Review Blog

May 18 2011

Hope: the everyday and imaginary life of young people on the margins by Simon Robb et al.

cover image

Wakefield Press, Adelaide; 2010.
This publication came about as a result of a University of Adelaide Research Project from 2006-8 titled Doing Social Sustainability: the utopian image of youth on the margins in schools.
The material was collected using a variety of methodologies including visual anthropology.

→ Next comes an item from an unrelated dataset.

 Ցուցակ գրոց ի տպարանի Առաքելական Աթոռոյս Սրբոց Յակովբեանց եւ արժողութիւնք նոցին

Photo-elicitation was used with subjects being given disposable cameras to record aspects of their life, so the book has many photographs and drawings.
The book is roughly divided into three sections, with the young people telling their stories, then teachers working in their schools give their opinions, and finally the four researchers give summaries from their viewpoints.
The preface talks about the complexities of hope and states 'some of this material might confront the reader, assault our gentle sensibilities '. The young people certainly do that with statements such as 'I don't trust anyone,' 'I don't reckon the world is going to be around much longer,' and 'when I think about hope I think about dope plants.' However there are alternate views expressed, such as 'hope is a new beginning' and 'I want a home and an everyday life like you see in an f--- movie.'
Teachers talk of the difficulty of educating in schools in poorer socio-economic areas, with one saying; 'You had a persona that you've had for 20 odd years, and you've got to drop it because it doesn't work here and it's very confronting.' The importance of relationships for young people is a constant and the hopefulness of teaching is based around 'relationships of openness, friendship and caring.'
This would be a useful book for new teachers to read, so as to have some understanding of what the world looks like to students growing up on the margins of society. The book or even just chapters of it could also be used in personal development lessons with older secondary students.